> [About this exercise]
No pictures go into the copy. Write out exactly the lines below from the one containing "most beautiful mansions in Nigeria" through the one containing "Campus Track Pants - Heavy Blue — imagem 6".

> [Source data]
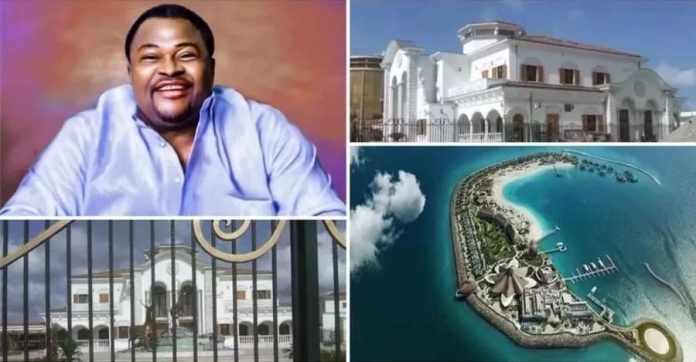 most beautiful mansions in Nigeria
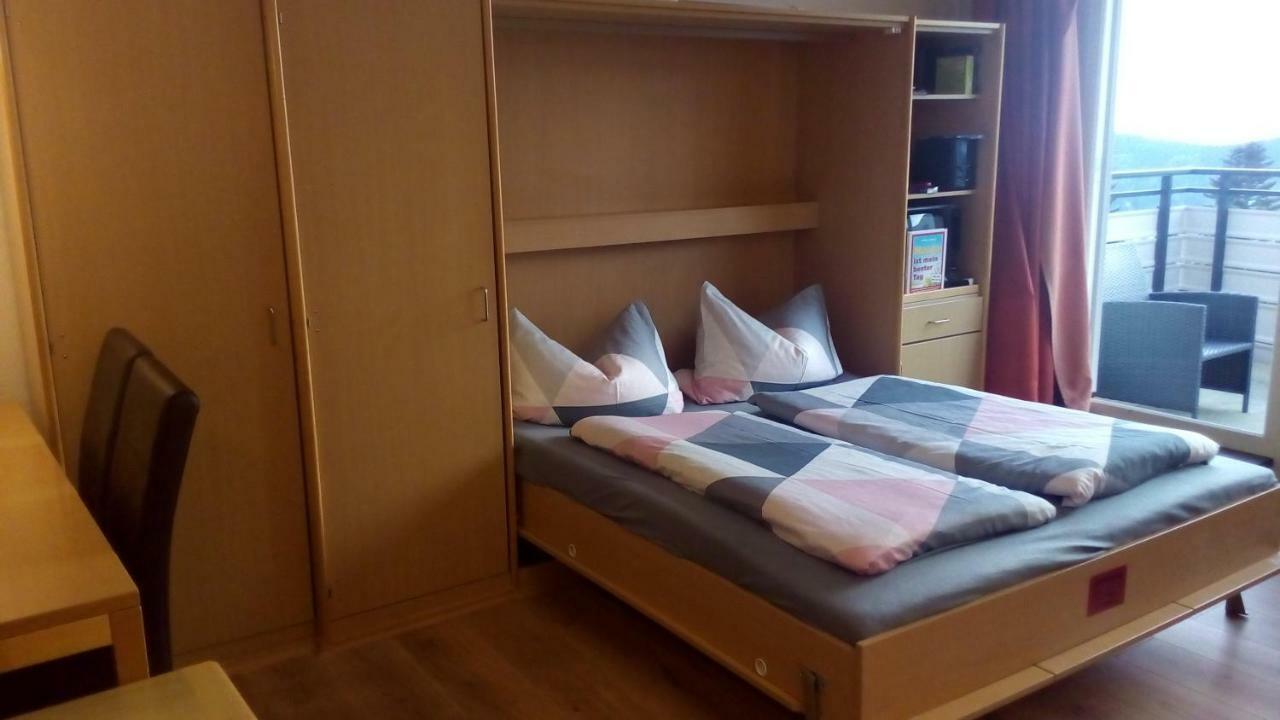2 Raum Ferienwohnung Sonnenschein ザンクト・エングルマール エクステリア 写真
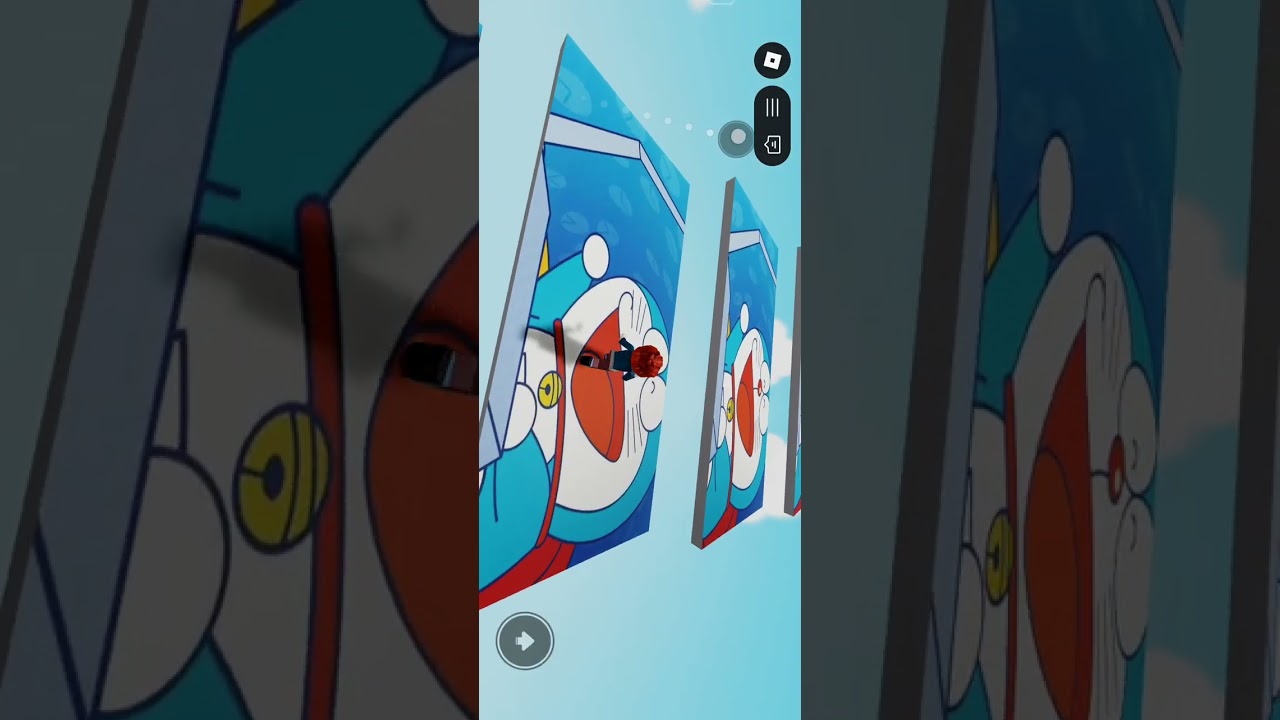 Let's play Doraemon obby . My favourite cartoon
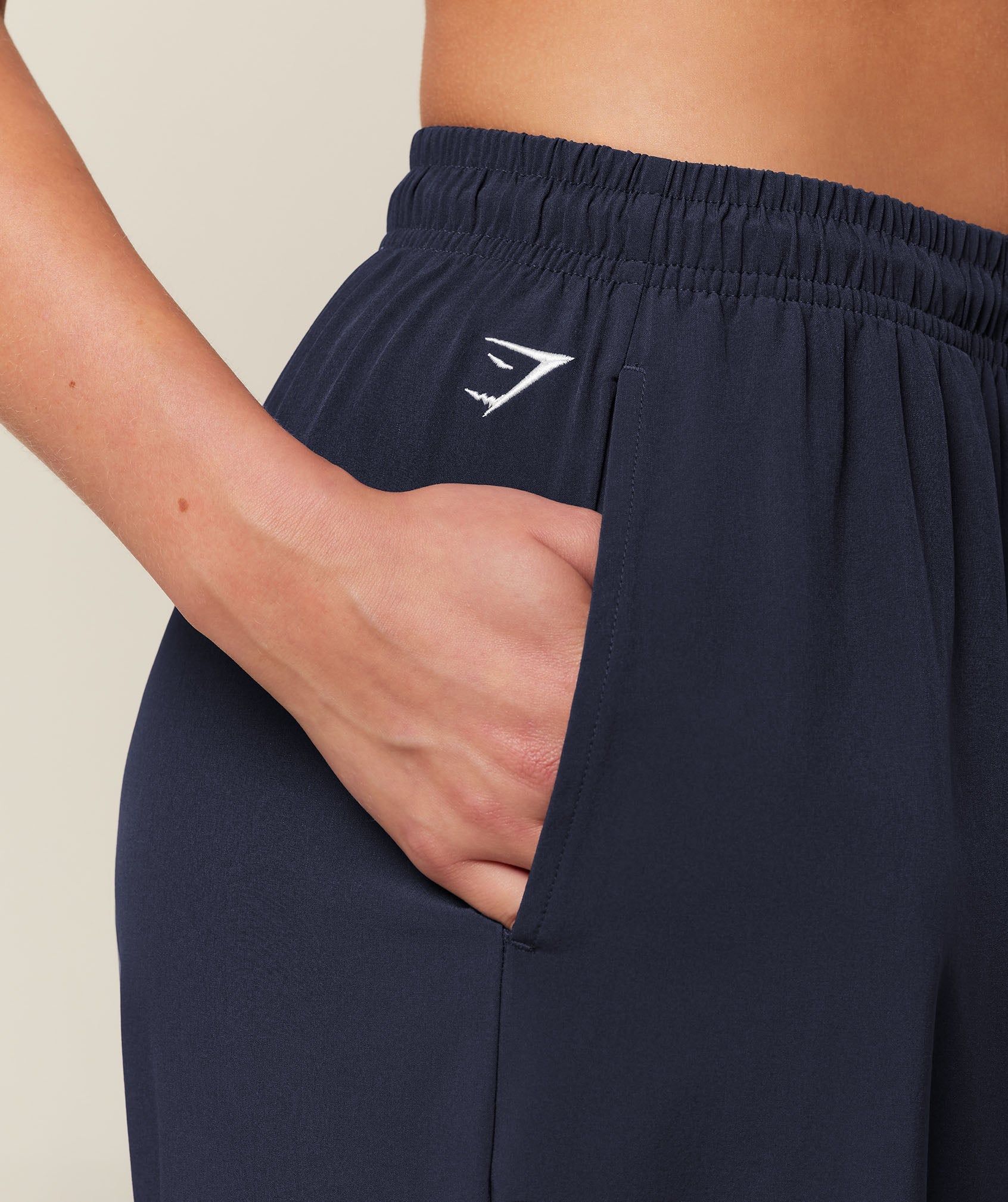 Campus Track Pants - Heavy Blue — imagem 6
--
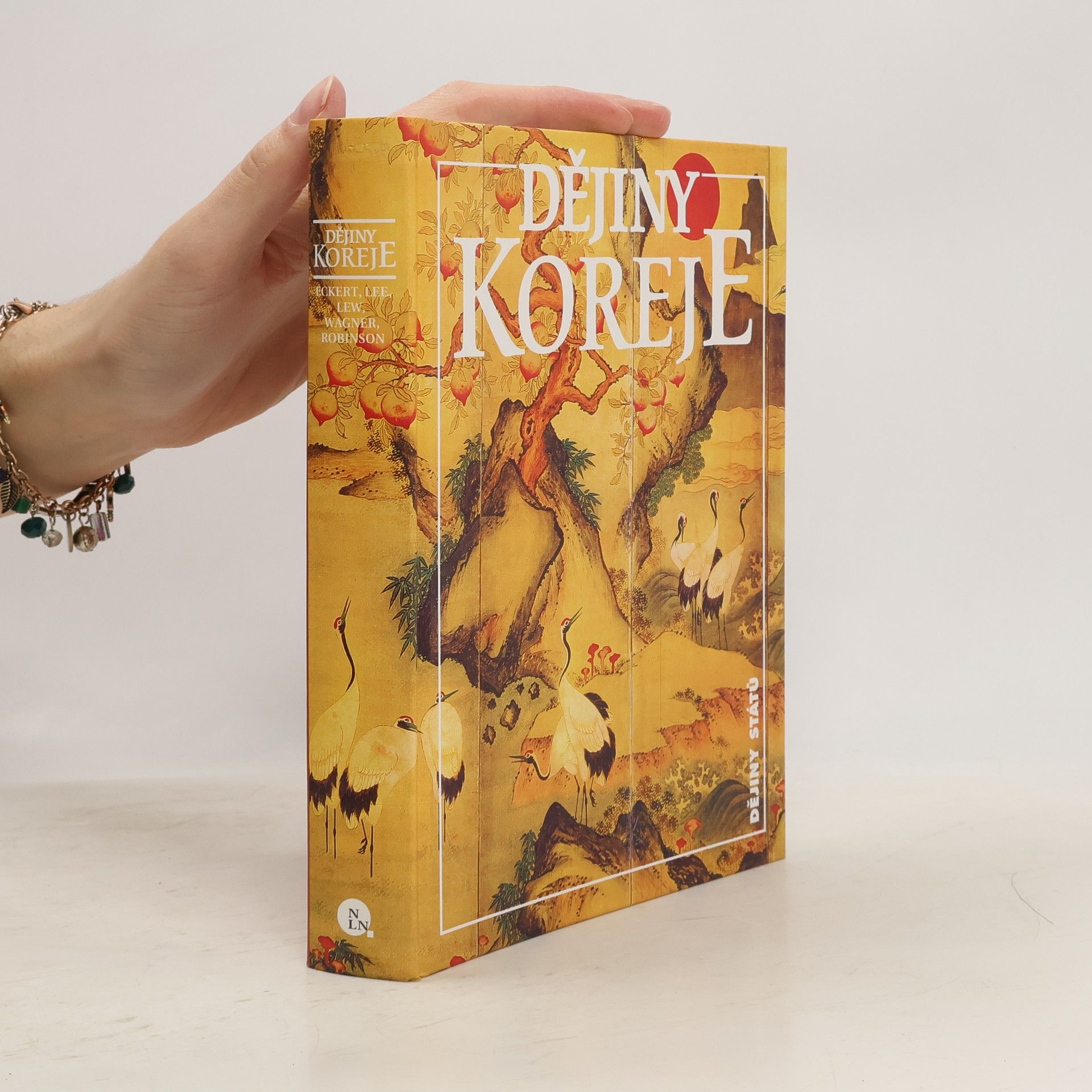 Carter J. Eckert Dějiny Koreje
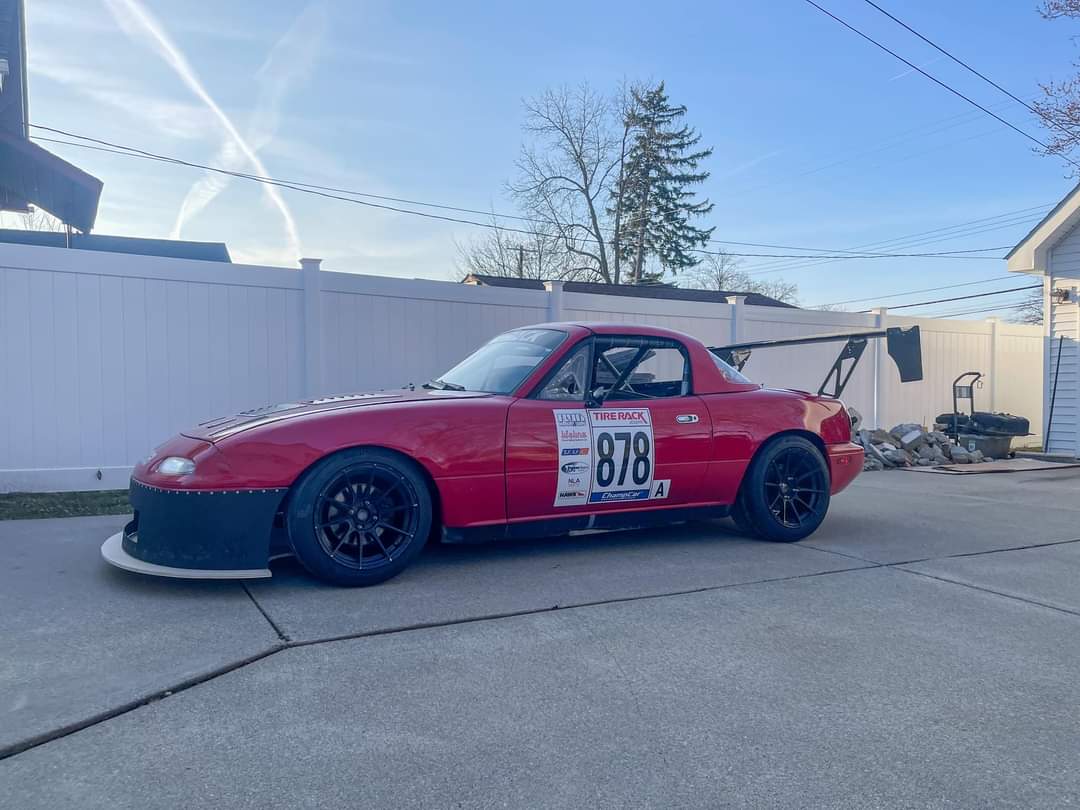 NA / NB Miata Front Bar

> [Solution to the problem]
 most beautiful mansions in Nigeria
2 Raum Ferienwohnung Sonnenschein ザンクト・エングルマール エクステリア 写真
 Let's play Doraemon obby . My favourite cartoon
 Campus Track Pants - Heavy Blue — imagem 6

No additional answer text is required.